Instructions for Practicing Zen Meditation
I. Disposition of the Body
The physical posture during zazen should be alert and stable.
Sit on a small round cushion or zafu. Cross your legs and put them on the floor. There should be a firm tripod between your knees and buttocks. Use either the full lotus leg posture with one foot placed over the opposite thigh and the other foot on the other thigh or the half lotus leg posture with one foot placed on the opposite thigh and the other foot tucked under the other thigh. Also, any other cross-legged posture can be effective for zazen practice. Zazen can also be practiced kneeling seated on the zafu turned on its edge or in a chair with the feet planted on the floor. However, the stability which one experiences when sitting cross-legged on the floor makes this the preferred zazen position.
The spine should be straight. Do not lean to the right or the left, front or back. Your ears and shoulders should be in line with each other. Relax your shoulders and push up toward the ceiling with the top of the head. Tuck in the chin, straightening the spine in the neck area. Your nose should be in line with your navel. The mouth should be closed. Breathe through your nose and keep your teeth and lips together. Keep your eyes open at all times. Place your right hand palm upward in your lap against the body. Cover this with the left hand (also palm upward) with the fingers parallel and the middle joints of your middle fingers touching. Join the thumb tips lightly forming a smooth round oval with the thumbs and fingers.

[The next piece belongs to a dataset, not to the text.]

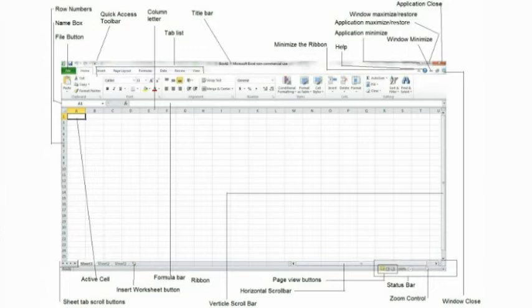Column letters. The column letters represent each individual column. There are a total of 16,384 columns in Microsoft Excel 2010. The columns range from A to XFD. You can click on the column letters to select every cell within the column and make changes such as width, borders, colors, and more.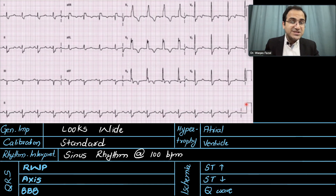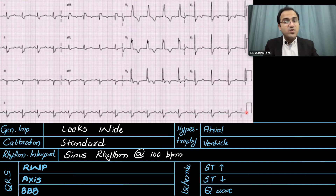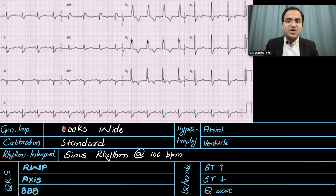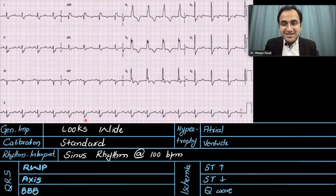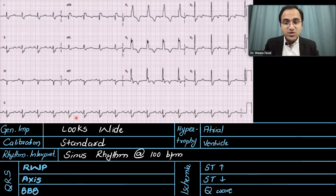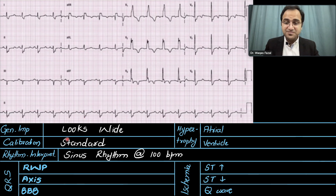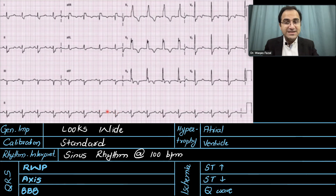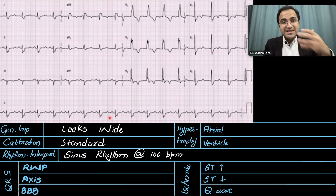The calibration is two large boxes tall and one large box wide — that is standard calibration. Let's look at the rate: we have approximately three large boxes between the RR intervals. Three large boxes: 300, 150, 100 — so the rate is 100 beats per minute. It is a sinus rhythm — the P waves are present and followed by the QRS complexes. Although they are ugly and wide, it is sinus rhythm because it is run by the SA node and P waves are present.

The thumbs should be at the level of or slightly below the navel.
Keep the body absolutely still during zazen.
II. Disposition of the Breath
Breathing should be deep and natural during zazen.
Allow the breath to be deep during zazen. Relax the lower abdomen and allow it to expand during inhalation, and contract during exhalation. This is deep settling breathing for the mind and body.

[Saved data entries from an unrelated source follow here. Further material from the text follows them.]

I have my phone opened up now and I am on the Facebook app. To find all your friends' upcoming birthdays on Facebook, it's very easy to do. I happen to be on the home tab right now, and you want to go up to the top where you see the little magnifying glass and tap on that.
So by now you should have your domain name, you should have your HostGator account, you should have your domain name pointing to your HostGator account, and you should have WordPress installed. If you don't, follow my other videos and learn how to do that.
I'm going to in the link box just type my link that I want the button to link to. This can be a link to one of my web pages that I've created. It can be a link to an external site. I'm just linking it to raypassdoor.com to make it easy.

III. Disposition of the Mind
The mind should be a perfect observer, like a shiny mirror, reflecting everything perfectly but never marred by the reflection. Watch the rise and fall of the breath from moment to moment. During zazen the mind is used for observing, not thinking. Look inwardly at your state of mind before any thought arises. When a thought arises, cut it off and get back to the work. What work? Looking inwardly at your state of mind before any thought arises. Whenever you find that you are thinking, daydreaming or in some manner following a chain of thoughts during zazen, immediately cut off the thoughts, and bring your awareness back.
To quote Takashina Rosen, Primate of the Sōtō Zen sect, "Think that which cannot be thought—think nothing."